- _Task_
Your response should contain only the lines running from the top of the data below through the line with "Button reflectors on", both included. Pictures must be omitted.

Top of Working data

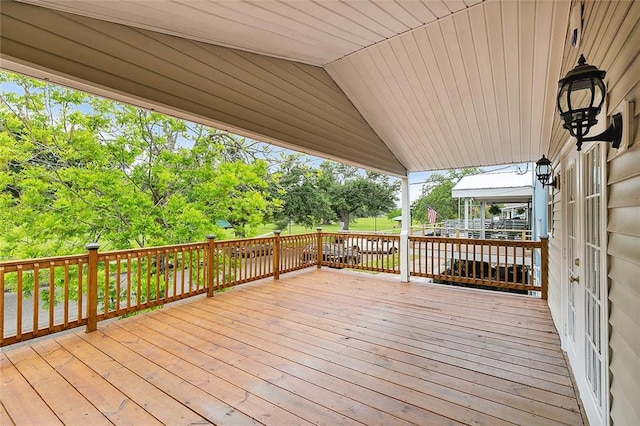 wooden deck with a gazebo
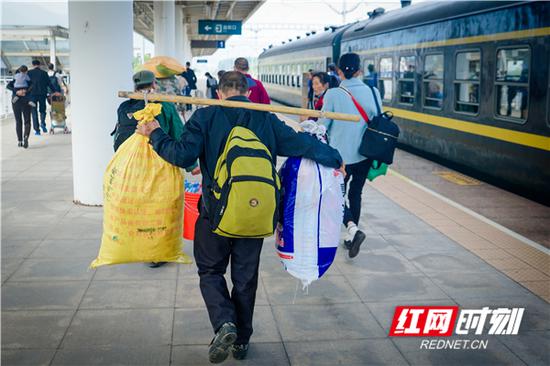 站台上一名乘客挑着行李货物，即将踏上回家的绿皮火车。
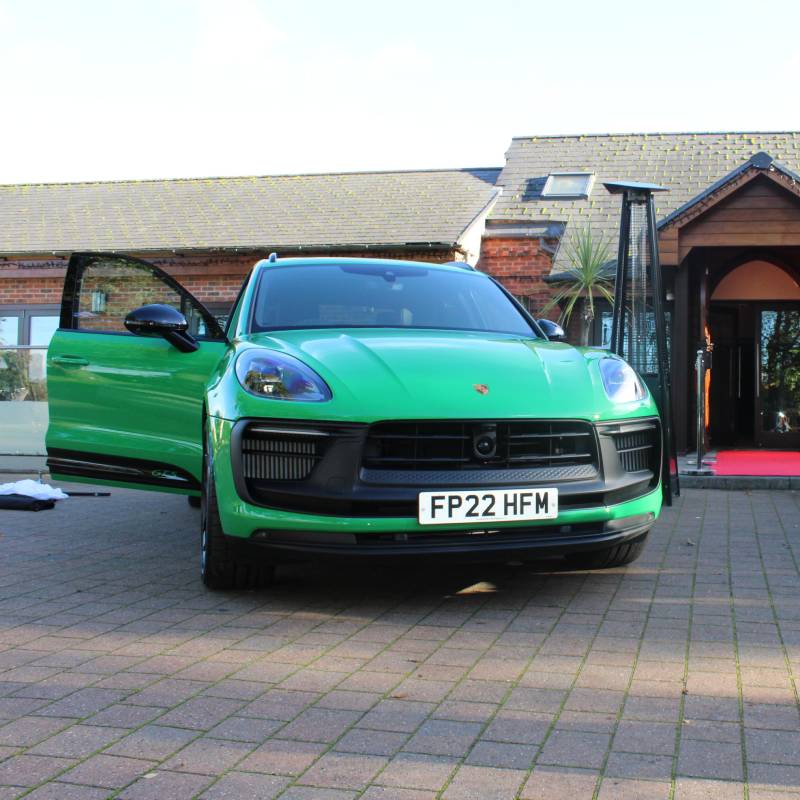 Green Porsche parked at the entrance of the venue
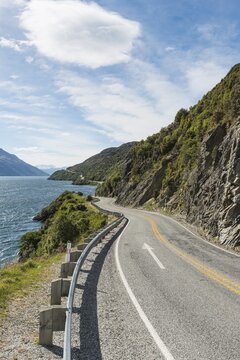 Road leads on Lake Wakatipu along Devils Staircase, Otago, Southland, New Zealand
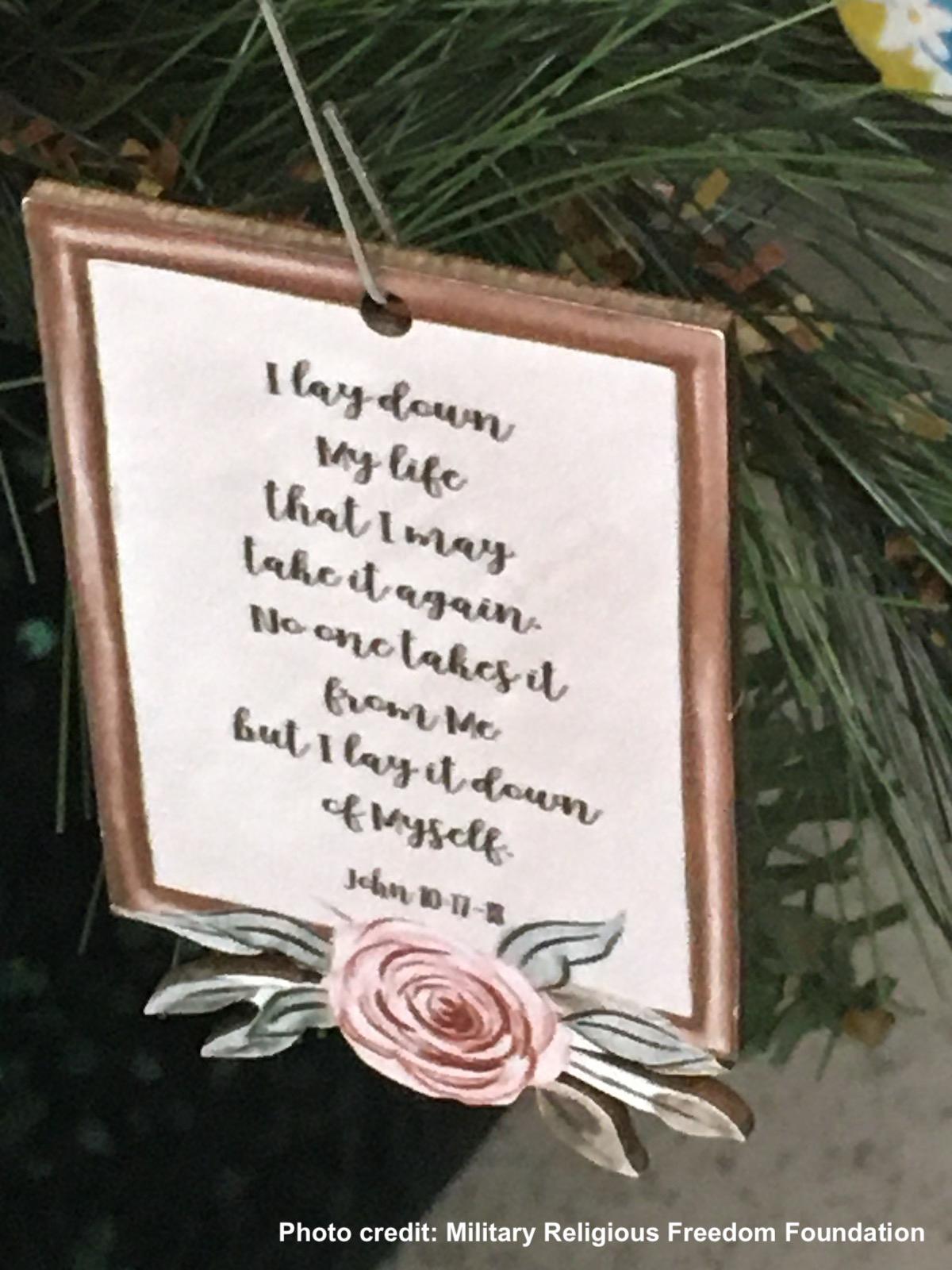 Close up of bible verse ornament on easter tree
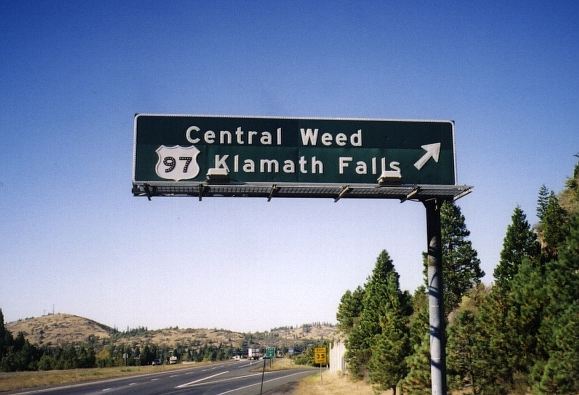 Button reflectors on US 97 exit sign at Weed, California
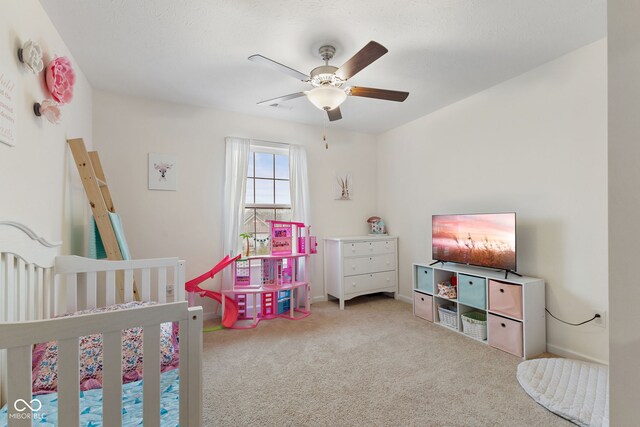 5845 Cresswell Ln, Whitestown, IN 46075 - carpeted bedroom featuring a ceiling fan, baseboards, and a crib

Bottom of Working data

- _The completed task_
 wooden deck with a gazebo
 站台上一名乘客挑着行李货物，即将踏上回家的绿皮火车。
 Green Porsche parked at the entrance of the venue
 Road leads on Lake Wakatipu along Devils Staircase, Otago, Southland, New Zealand
 Close up of bible verse ornament on easter tree
 Button reflectors on US 97 exit sign at Weed, California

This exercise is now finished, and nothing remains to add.